Exercise inputs:
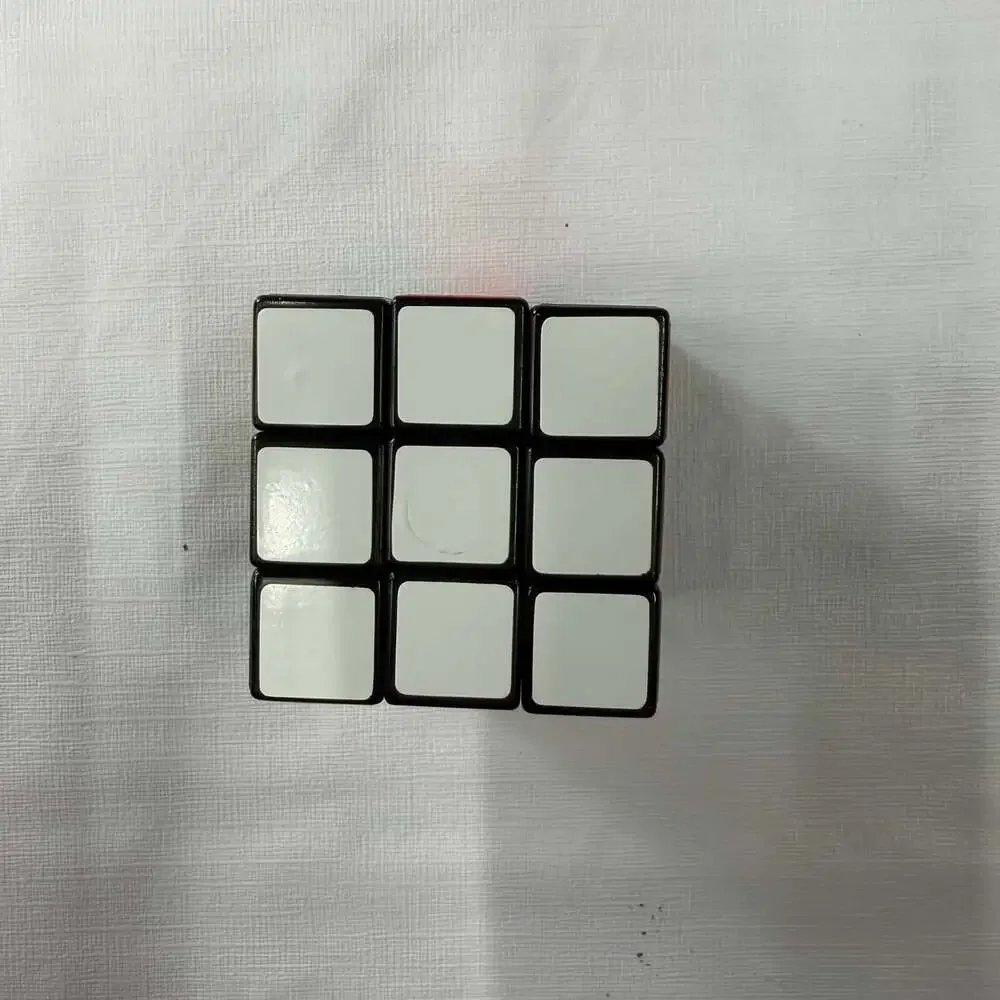 Vintage Rubik's Cube 3X3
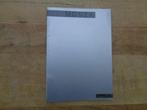 Opel Monza - Folder Brochure Nederlands - Druk 1984, Boeken, Auto's | Folders en Tijdschriften, Verzenden, Zo goed als nieuw, Opel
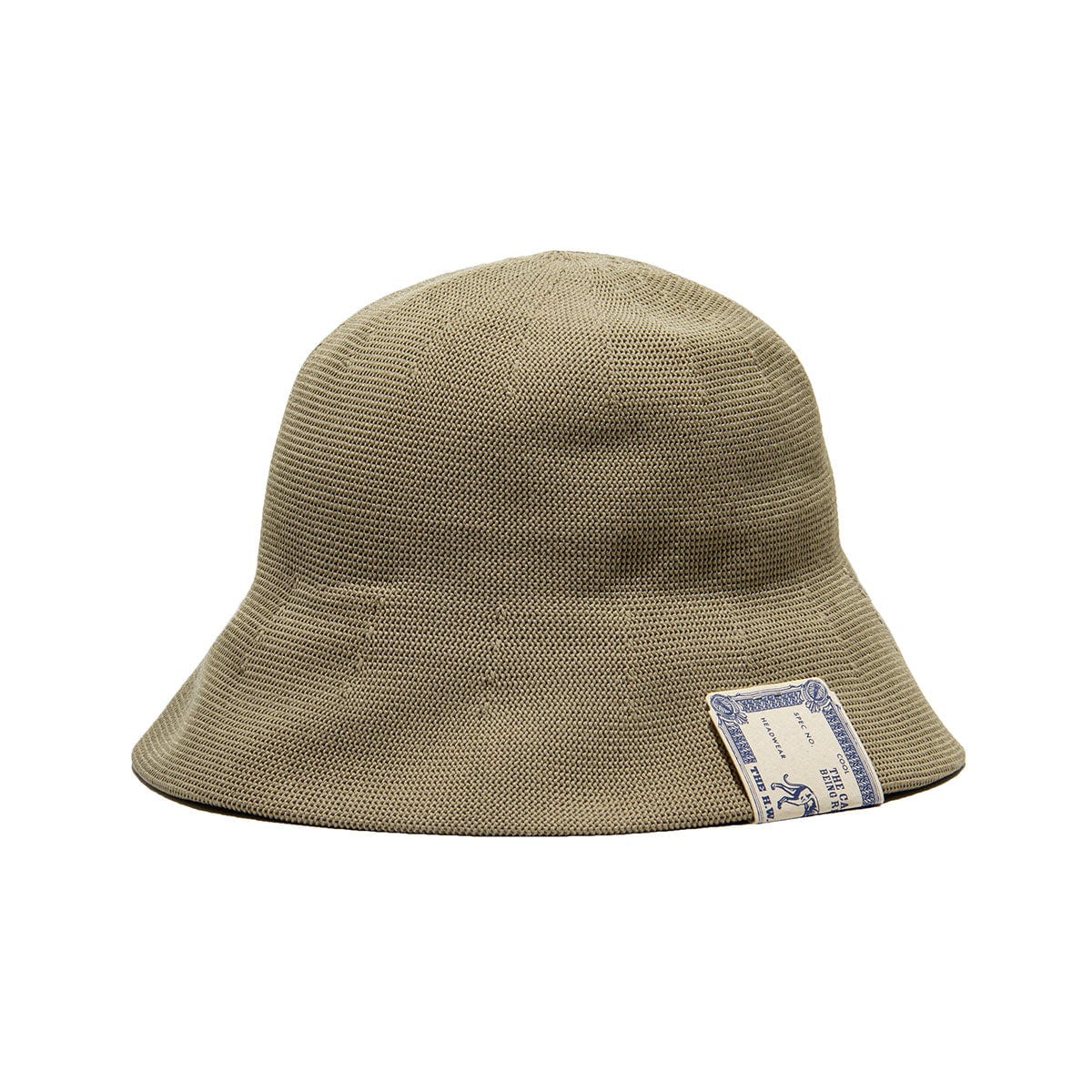 THE H.W.DOG&CO./ザエイチダブリュードッグアンドコー/BELLHAT-10 - Beige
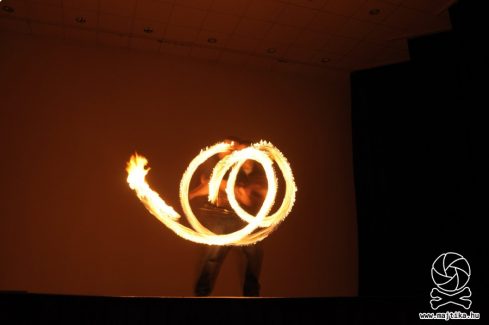 Budapest, O.E., N.IK., Korsó Avató, 2010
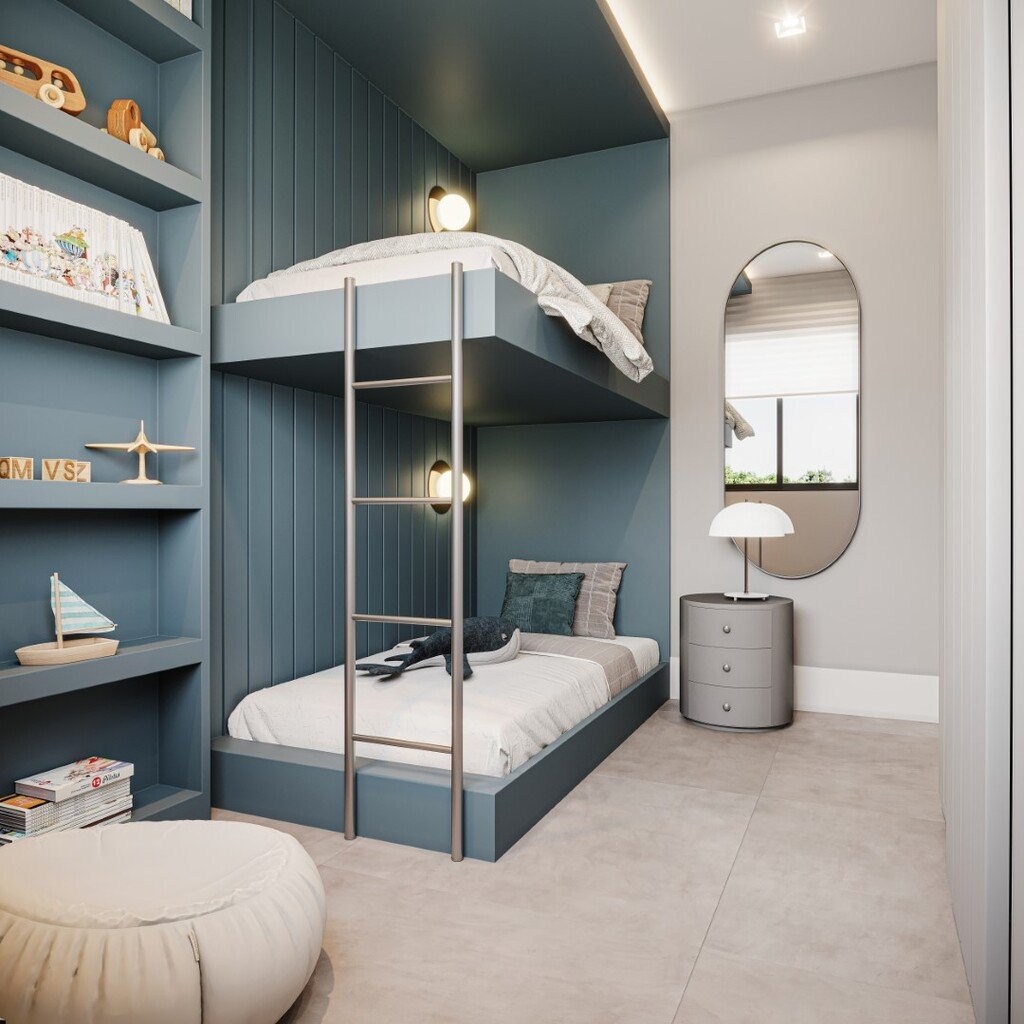 Apartamento, 1 quarto, 28 m² - Foto 19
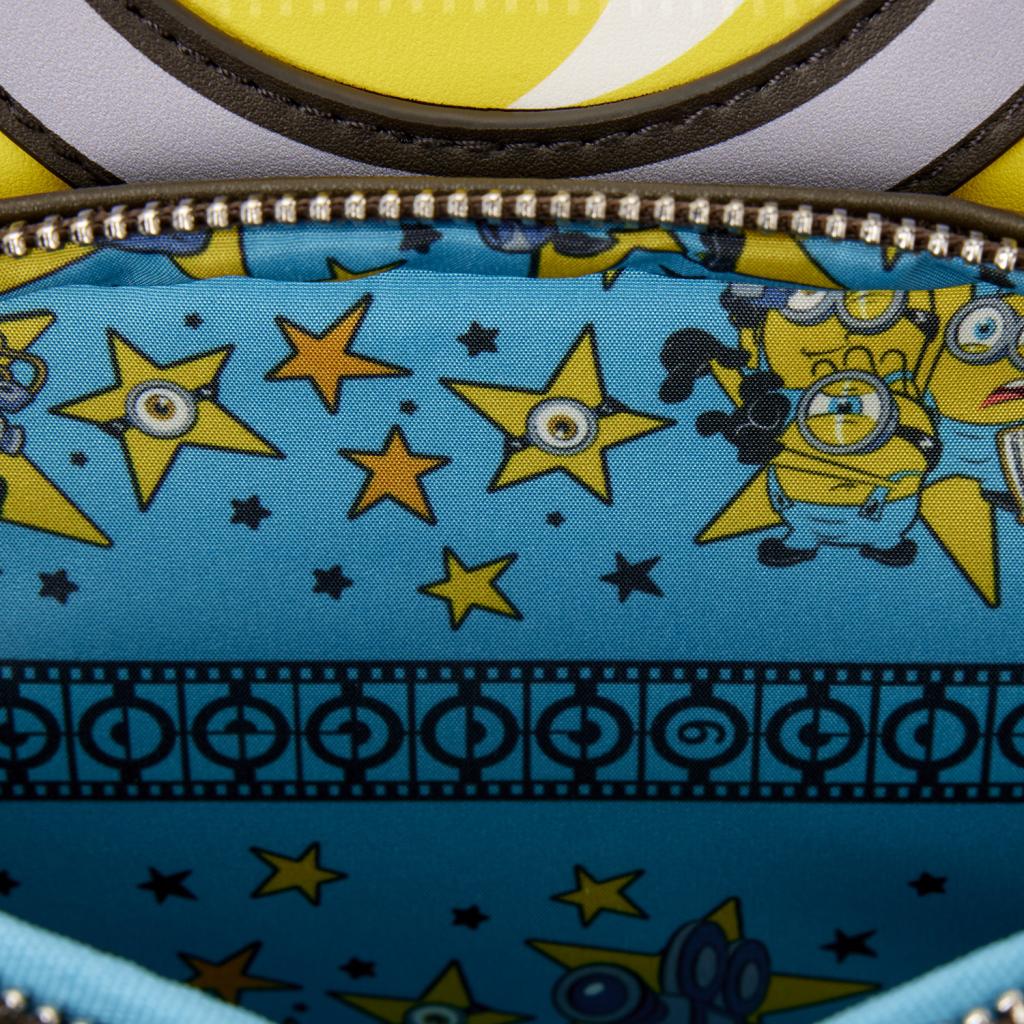 MINIONS 3 - Mini Sac à Dos LoungeFly - 4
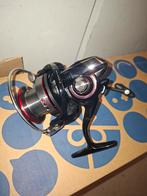 *** Daiwa Castizm 25 QDA incl wedstrijdspoelen ***, Ophalen of Verzenden, Zo goed als nieuw, Molen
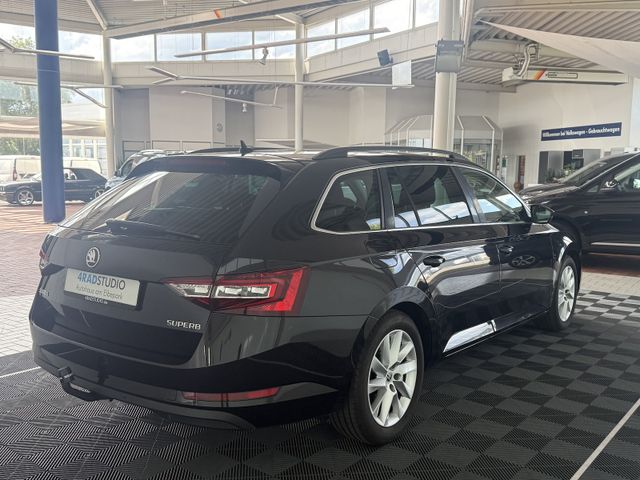 Skoda Superb COMBI 2.0 TDI DSG XENON NAVI ACC AHK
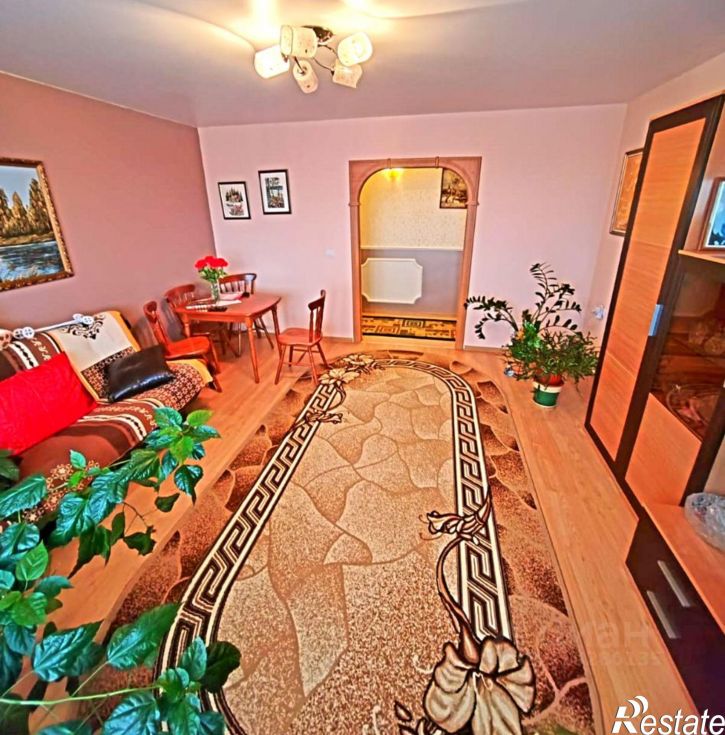 3-комн квартира ул 1-я Приречная, 21,  д. 21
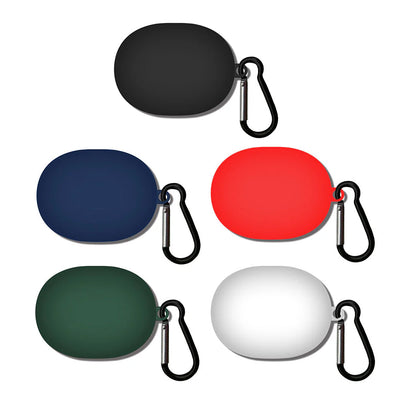 Silicone Earbuds Case for Anker Liberty 4NC/Anker Liberty 4 Pro/Anker Liberty 5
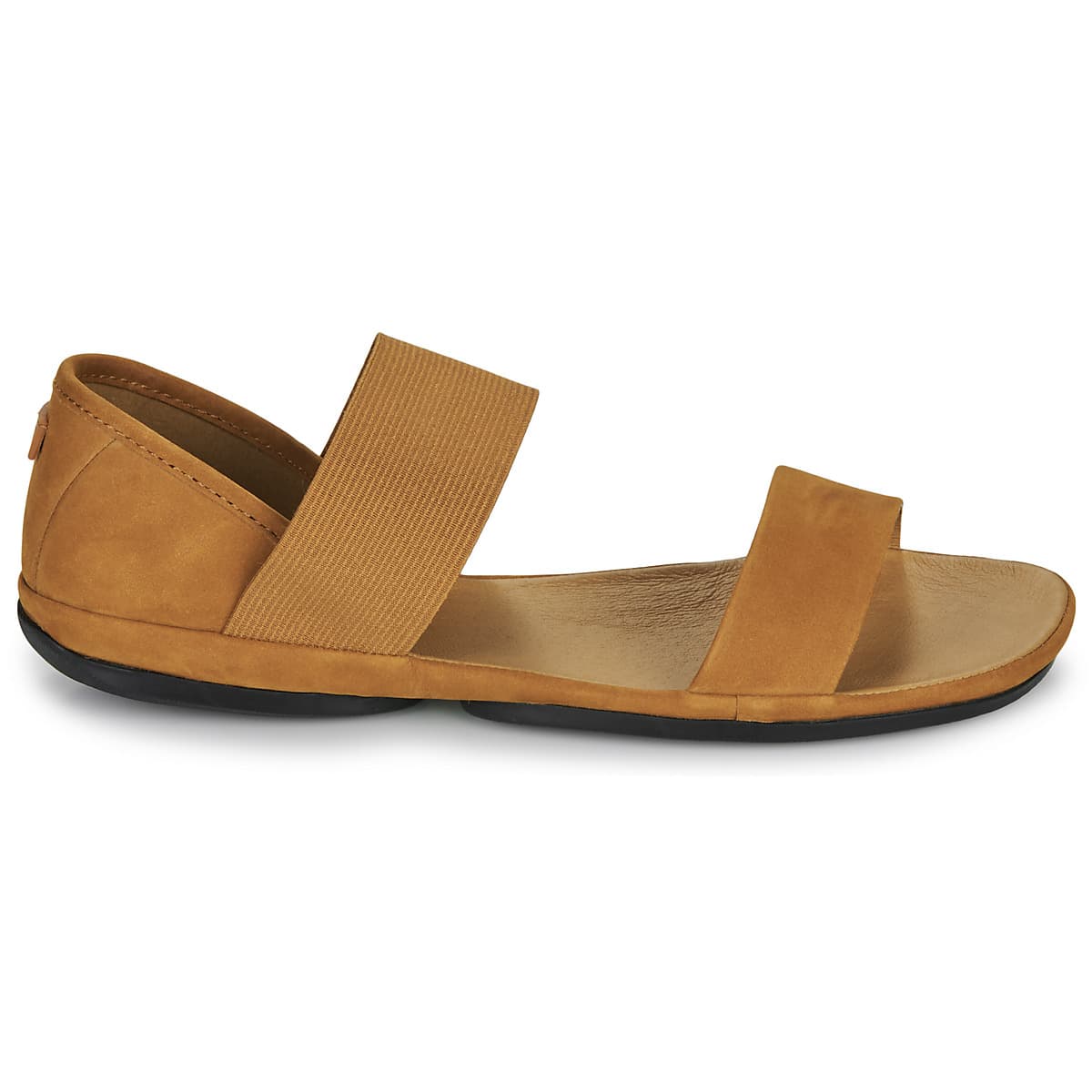 Women's Sandals Camper Brown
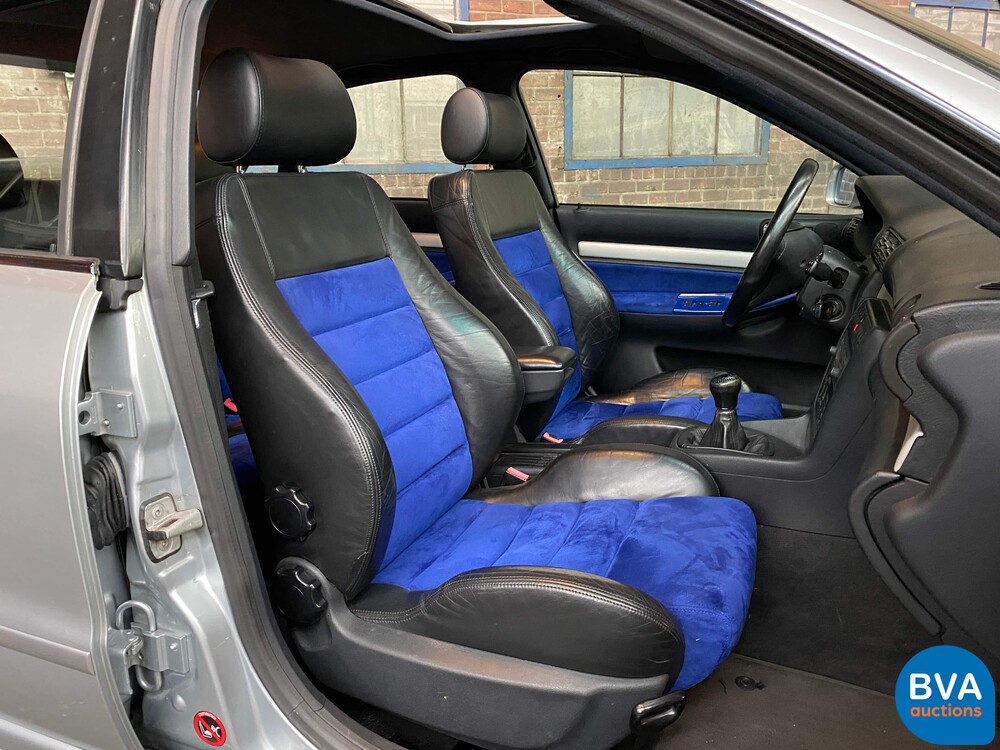 Audi S4 2.7 V6 Quattro Biturbo 265pk 2002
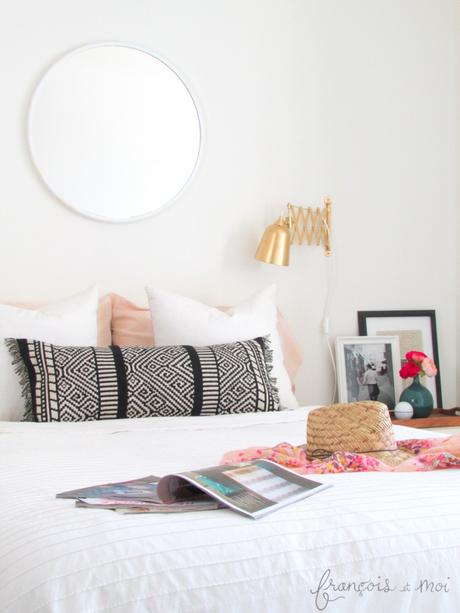 Top DIY Projects of 2015: Boho Lumbar Pillow | Francois et Moi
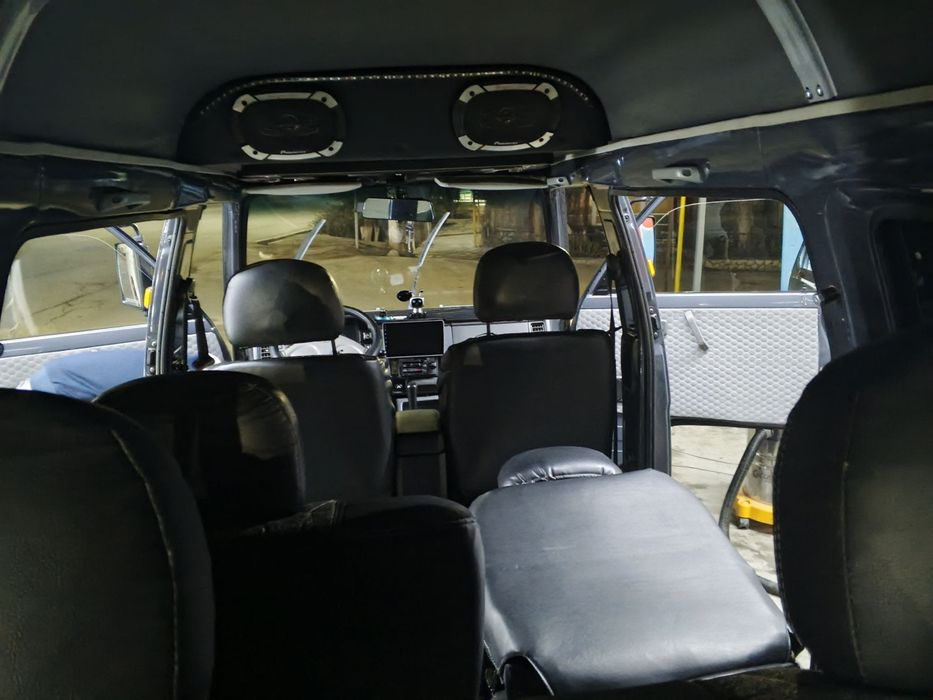 Damas sotiladi yoki LABO mashinasiga almashiladi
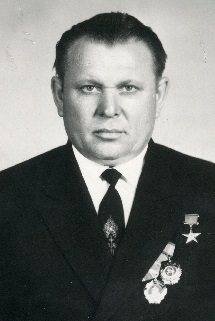 Буслаев Николай Дмитриевич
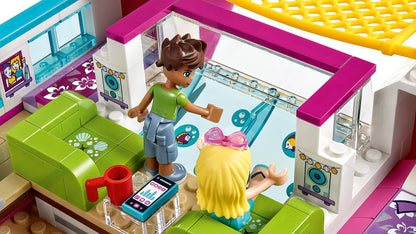 LEGO Friends Sonnenschein Katamaran - Bauset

Work instructions: Transcribe exactly, and without any pictures, each line from the one that holds "Silicone Earbuds Case" through the final line of the material above.

Expected answer:
 Silicone Earbuds Case for Anker Liberty 4NC/Anker Liberty 4 Pro/Anker Liberty 5
 Women's Sandals Camper Brown
 Audi S4 2.7 V6 Quattro Biturbo 265pk 2002
 Top DIY Projects of 2015: Boho Lumbar Pillow | Francois et Moi
 Damas sotiladi yoki LABO mashinasiga almashiladi
 Буслаев Николай Дмитриевич
 LEGO Friends Sonnenschein Katamaran - Bauset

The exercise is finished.